The data below should be copied out exactly, with its pictures omitted.

* GIVEN MATERIAL
= = = = = = =

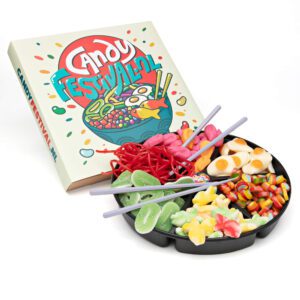 Délicieux plateau de bonbons asiatiques rempli de savoureux bonbons spéciaux en boule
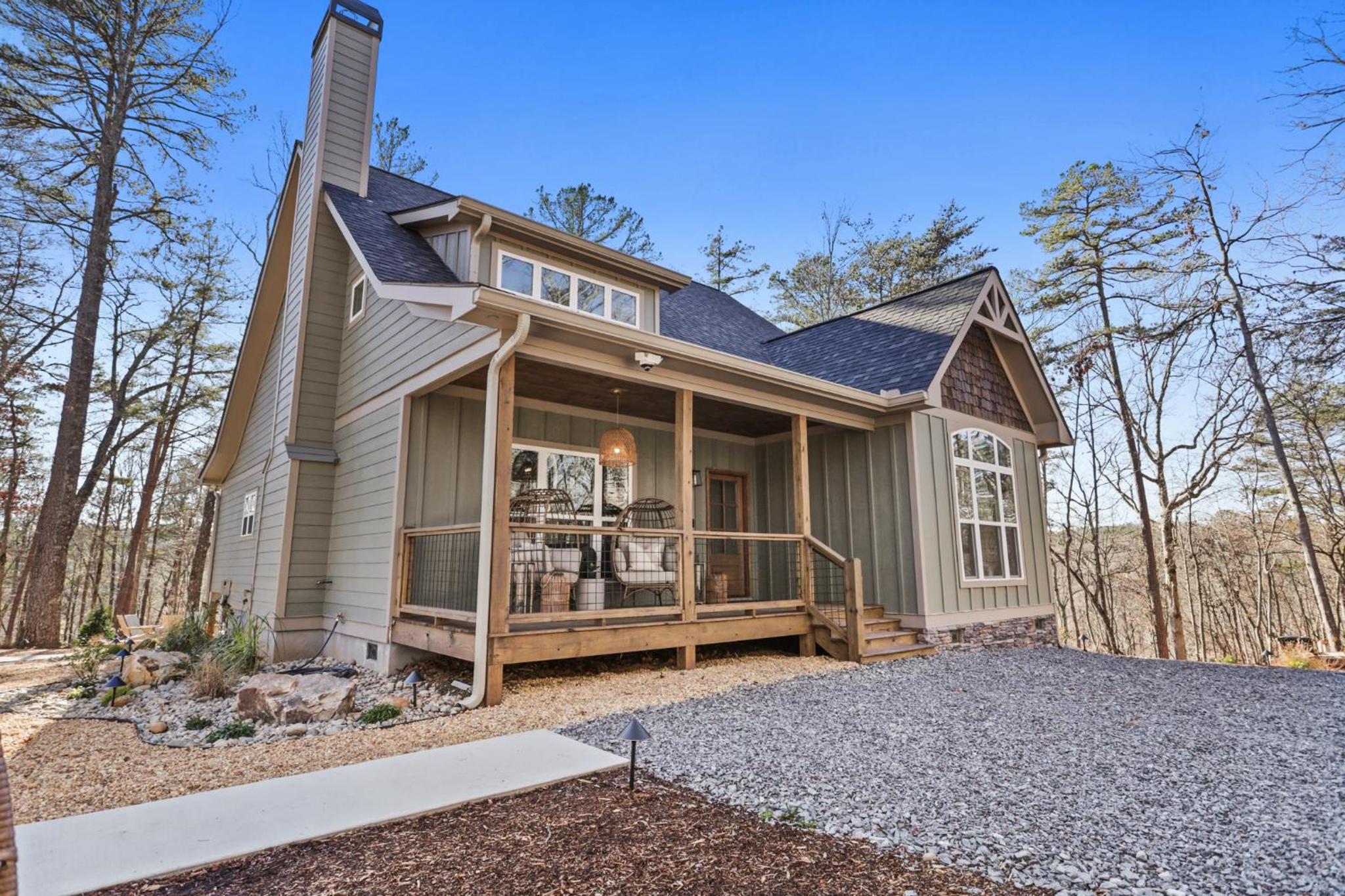Mystic Grove Luxury Mountain Hideaway view 4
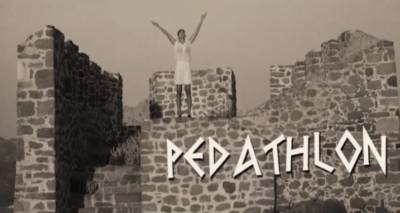 &Alpha;&rho;&chi;&alpha;ί&omicron; &Pi;έ&nu;&tau;&alpha;&theta;&lambda;&omicron; &Lambda;ή&mu;&nu;&omicron;&upsilon;: &Lambda;ί&gamma;&epsilon;&sigmaf; &mu;έ&rho;&epsilon;&sigmaf; &alpha;&pi;&omicron;&mu;έ&nu;&omicron;&upsilon;&nu; &gamma;&iota;&alpha; &tau;&eta; &mu;&epsilon;&gamma;ά&lambda;&eta; &gamma;&iota;&omicron;&rho;&tau;ή &tau;&omicron;&upsilon; &alpha;&theta;&lambda;&eta;&tau;&iota;&sigma;&mu;&omicron;ύ &kappa;&alpha;&iota; &tau;&omicron;&upsilon; &pi;&omicron;&lambda;&iota;&tau;&iota;&sigma;&mu;&omicron;ύ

= = = = = = =

* ANSWER AREA
 Délicieux plateau de bonbons asiatiques rempli de savoureux bonbons spéciaux en boule
Mystic Grove Luxury Mountain Hideaway view 4
 &Alpha;&rho;&chi;&alpha;ί&omicron; &Pi;έ&nu;&tau;&alpha;&theta;&lambda;&omicron; &Lambda;ή&mu;&nu;&omicron;&upsilon;: &Lambda;ί&gamma;&epsilon;&sigmaf; &mu;έ&rho;&epsilon;&sigmaf; &alpha;&pi;&omicron;&mu;έ&nu;&omicron;&upsilon;&nu; &gamma;&iota;&alpha; &tau;&eta; &mu;&epsilon;&gamma;ά&lambda;&eta; &gamma;&iota;&omicron;&rho;&tau;ή &tau;&omicron;&upsilon; &alpha;&theta;&lambda;&eta;&tau;&iota;&sigma;&mu;&omicron;ύ &kappa;&alpha;&iota; &tau;&omicron;&upsilon; &pi;&omicron;&lambda;&iota;&tau;&iota;&sigma;&mu;&omicron;ύ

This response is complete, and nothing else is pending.